I could imagine that it might be beneficial to use the AtomicExpandPass to use the target instructions whenever possible, and libcalls otherwise. However, I am unsure about this: The AtomicExpandPass seems to do this (emit the libcalls only if needed, after checking alignment as well), but I see this in the Atomics document:
"One very important property of the atomic operations is that if your backend supports any inline lock-free atomic operations of a given size, you should support ALL operations of that size in a lock-free manner...it is invalid to implement atomic load using the native instruction, but cmpxchg using a library call to a function that uses a mutex, atomic load must also expand to a library call on such architectures, so that it can remain atomic with regards to a simultaneous cmpxchg, by using the same mutex."
I guess I must be missing something somehow...
No, you don't. You cannot mix lock-free and mutex atomics. E.g, if loads are lock-free and stores use a mutex. Then you have lost atomicity. Your mutex version could do stores one byte at a time.
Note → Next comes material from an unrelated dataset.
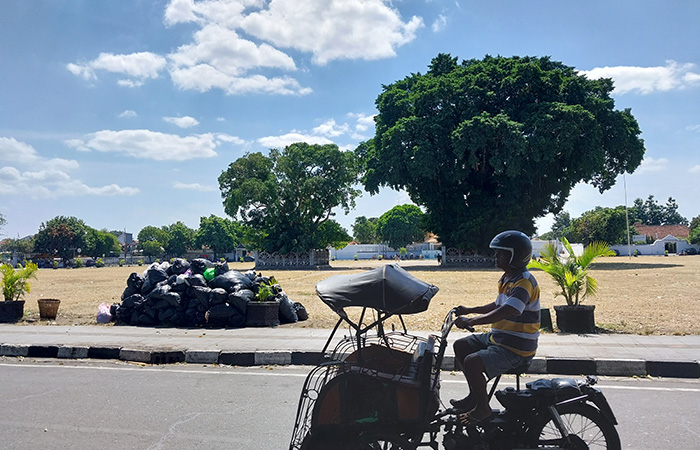 100 Ton Sampah Kota Jogja Mulai Diangkut ke TPST Piyungan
Note that this is handled by the particular implementation of the 16-byte atomic library routines on s390x: they all perform a *runtime* check for proper alignment, and if the address actually *is* 16-byte aligned, the library routine will in fact use the appropriate 16-byte atomic instructions to implement the operation (instead of a separate mutex). That is why it *is* safe for the compiler to emit those instructions itself *if* it can prove at compile-time that the address will in fact be properly aligned at run-time. (That's also done by GCC, for example.)